Demand Paging

Optional readings for this topic from Operating Systems: Principles and Practice: Chapter 9.

Overall goal: allow programs to run without all of their information in memory

Keep in memory the information that is being used.
Keep unused information on disk in paging file (also called backing store, or swap space)
Move information back and forth as needed.
Locality: most programs spend most of their time using a small fraction of their code and data.
Ideally: paging produces a memory system with the performance of main memory and the cost/capacity of disk!

When a program is running, each page can be either:

Page Faults

What happens when a process references a page that is in the backing store?

For pages in the backing store, the present bit is cleared in the page map entries.
If present is not set, then a reference to the page causes a trap to the operating system.
These traps are called page faults.
To handle a page fault, the operating system
- Finds a free page frame in memory
- Reads the page in from backing store to the page frame
- Updates the page map entry, setting present
- Resumes execution of the thread

In order for paging to work, hardware must provide two features:

Hardware must save the virtual address that caused the fault (CR2 register in x86).
If the fault occurs in the middle of a complex instruction, hardware must undo any changes made by the instruction, so it can be restarted from the beginning.

Once the basic page fault mechanism is working, the OS has two policy decisions to make:

Most modern OSes use demand fetching:

Start process with no pages loaded, don't load a page into memory until it is referenced.
The pages for a process divide into three groups:
- Read-only code pages: read from the executable file when needed.
- Initialized data pages: on first access, read from executable file. Once loaded, save to the paging file since contents may have changed.
- Uninitialized data pages (stack, malloc): on first access, just clear memory to all zeros. When paging out, save to the paging file.
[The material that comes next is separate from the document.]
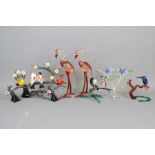 Six Glass Bird Figurines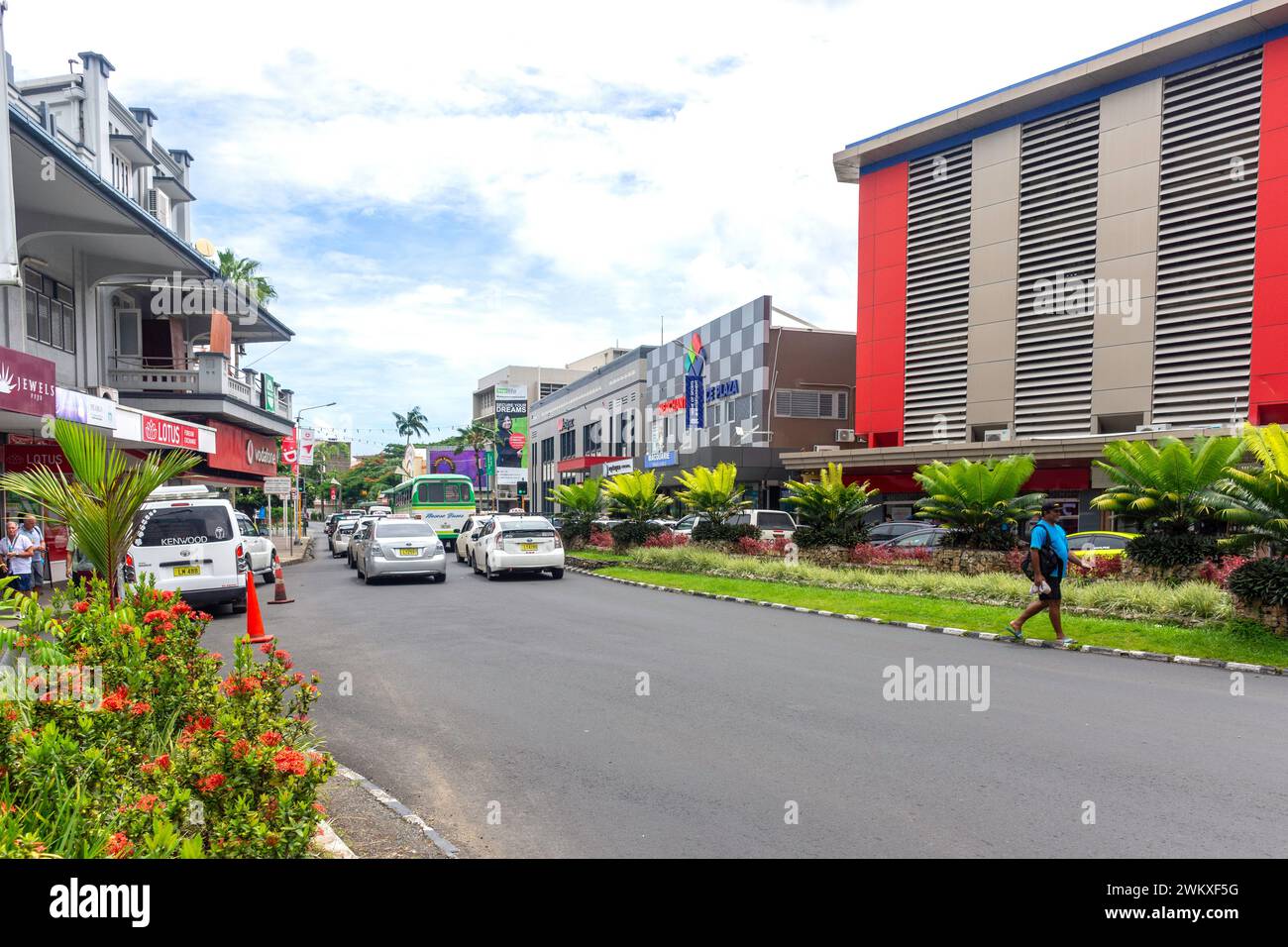 Centro città, Scott Street, Suva, viti Levu, Repubblica delle Figi Foto Stock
Prefetching: try to predict when pages will be needed and load them ahead of time to avoid page faults.

Requires predicting the future, so hard to do.
One approach: when taking a page fault, read many pages instead of just one (wins if program accesses memory sequentially).

Once all of memory is in use, will need to throw out one page each time there is a page fault.

Random: pick any page at random (works surprisingly well!)

FIFO: throw out the page that has been in memory longest.

MIN: The optimal algorithm requires us to predict the future.

Least Recently Used (LRU): use the past to predict the future.

Implementing LRU: need hardware support to keep track of which pages have been used recently.

Perfect LRU?
- Keep a hardware register for each page, store system clock into that register on each memory reference.
- To choose page for placement, scan through all pages to find the one with the oldest clock.
- Hardware costs prohibitive in the early days of paging; also, expensive to scan all pages during replacement.
- No machines have actually implemented this.
Current computers settle for an approximation that is efficient. Just find an old page, not necessarily the oldest.

Two extra bits in each page map entry:

Clock algorithm (also called second chance algorithm). To choose page for placement:

Cycle through pages in order (circularly).
If the current page has been referenced, then don't replace it; just clear the reference bit and continue to the next page.
If the page has not been referenced since the last time we checked it, then replace that page.
Optionally: if the dirty bit is set, don't replace this page now, but clear the dirty bit and start writing the page to disk.

How to implement page replacement when there are multiple processes running in the system?

Global replacement:
- All pages from all processes lumped into a single replacement pool.
- Each process competes with all the other processes for page frames.
Per-process replacement:
- Each process has a separate pool of pages.
- A page fault in one process can only replace one of its own frames.
- Eliminates interference from other processes.
- Dilemma: how many page frames to allocate to each process? Poor choice can result in inefficient memory usage.
Most systems use global replacement.

What happens if memory gets overcommitted?

Suppose the pages being actively used by the current threads don't all fit in physical memory.
Each page fault causes one of the active pages to be moved to disk, so another page fault will occur soon.
Just run another thread?
The system will spend all its time reading and writing pages, and won't get much work done.
This situation is called thrashing; it was a serious problem in early timesharing machines with dozens or hundreds of users:
- Why should I stop my processes just so you can make progress?
- System had to handle thrashing automatically: stop running some processes for a while.
With personal computers, users can notice thrashing and kill some processes, so that others can make progress.
Memory is cheap enough that there's no point in operating a machine in a range where memory is even slightly overcommitted; better to just buy more memory.